Disable VMware Guest OS Customization (and any vApp/OS customization mechanisms, if applicable in your setup) for the template and the cluster virtual machines. DKP performs the initial node configuration via cloud-init (VMware GuestInfo datasource). Enabled customization can conflict with cloud-init and lead to incorrect node initialization.

  1. Install the required packages:

    If you use cloud-init version lower than 21.3 (VMware GuestInfo support is required):

    sudo apt-get update
sudo apt-get install -y open-vm-tools cloud-init cloud-init-vmware-guestinfo

    If you use cloud-init version 21.3 or higher:

    sudo apt-get update
sudo apt-get install -y open-vm-tools cloud-init

  2. Verify that the disable_vmware_customization: false parameter is set in /etc/cloud/cloud.cfg.

  3. Make sure the default_user parameter is specified in /etc/cloud/cloud.cfg. It is required to add an SSH key when the VM starts.

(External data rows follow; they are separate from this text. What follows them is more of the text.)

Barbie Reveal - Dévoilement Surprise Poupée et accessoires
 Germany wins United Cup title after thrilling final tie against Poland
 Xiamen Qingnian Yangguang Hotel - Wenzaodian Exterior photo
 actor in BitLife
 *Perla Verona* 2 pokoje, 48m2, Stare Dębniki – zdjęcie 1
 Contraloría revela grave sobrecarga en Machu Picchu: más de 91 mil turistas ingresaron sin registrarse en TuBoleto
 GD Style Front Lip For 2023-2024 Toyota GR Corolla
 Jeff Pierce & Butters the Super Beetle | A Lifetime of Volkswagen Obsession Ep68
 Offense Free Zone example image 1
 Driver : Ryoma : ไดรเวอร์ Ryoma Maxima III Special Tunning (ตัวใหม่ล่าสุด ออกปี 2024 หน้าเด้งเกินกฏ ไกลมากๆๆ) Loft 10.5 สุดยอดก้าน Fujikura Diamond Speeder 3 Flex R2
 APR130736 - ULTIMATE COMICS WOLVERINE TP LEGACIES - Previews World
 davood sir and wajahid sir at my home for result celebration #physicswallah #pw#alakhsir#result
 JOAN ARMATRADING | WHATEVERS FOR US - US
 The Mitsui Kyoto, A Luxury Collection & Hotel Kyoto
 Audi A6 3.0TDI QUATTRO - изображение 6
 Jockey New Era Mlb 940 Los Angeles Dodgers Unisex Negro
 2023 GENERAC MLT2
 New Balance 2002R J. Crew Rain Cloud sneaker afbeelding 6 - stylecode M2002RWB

  4. Add the VMware GuestInfo datasource — create /etc/cloud/cloud.cfg.d/99-DataSourceVMwareGuestInfo.cfg:

    datasource:
  VMware:
    vmware_cust_file_max_wait: 10

  5. Before creating the VM template, reset the cloud-init identifiers and state using the following commands:

    truncate -s 0 /etc/machine-id &&
rm /var/lib/dbus/machine-id &&
ln -s /etc/machine-id /var/lib/dbus/machine-id

  6. Clear cloud-init event logs:

    cloud-init clean --logs --seed

After the virtual machine starts, the following services related to the packages installed during cloud-init preparation must be running:

  • cloud-config.service,
  • cloud-final.service,
  • cloud-init.service.

To ensure that the services are enabled, use the command:

systemctl is-enabled cloud-config.service cloud-init.service cloud-final.service

Example output for enabled services:

enabled
enabled
enabled

DKP creates VM disks of type eagerZeroedThick, but the type of disks of created VMs may be changed without notification according to the VM Storage Policy settings in vSphere.
For more details, see the documentation.

DKP uses the ens192 interface as the default interface for VMs in vSphere. Therefore, when using static IP addresses in mainNetwork, you must create an interface named ens192 in the OS image as the default interface.

Infrastructure

Networking

A VLAN with DHCP and Internet access is required for the running cluster:

  • If the VLAN is public (public addresses), then you have to create a second network to deploy cluster nodes (DHCP is not needed in this network).
  • If the VLAN is private (private addresses), then this network can be used for cluster nodes.

Inbound traffic

  • You can use an internal load balancer (if present) and direct traffic directly to the front nodes of the cluster.
  • If there is no load balancer, you can use MetalLB in BGP mode to organize fault-tolerant load balancers (recommended). In this case, front nodes of the cluster will have two interfaces. For this, you will need:
    • A dedicated VLAN for traffic exchange between BGP routers and MetalLB. This VLAN must have DHCP and Internet access.
    • IP addresses of BGP routers.
    • ASN — the AS number on the BGP router.
    • ASN — the AS number in the cluster.
    • A range to announce addresses from.

Using the datastore

Various types of storage can be used in the cluster; for the minimum configuration, you will need:

  • Datastore for provisioning PersistentVolumes to the Kubernetes cluster.
  • Datastore for provisioning root disks for the VMs (it can be the same Datastore as for PersistentVolume).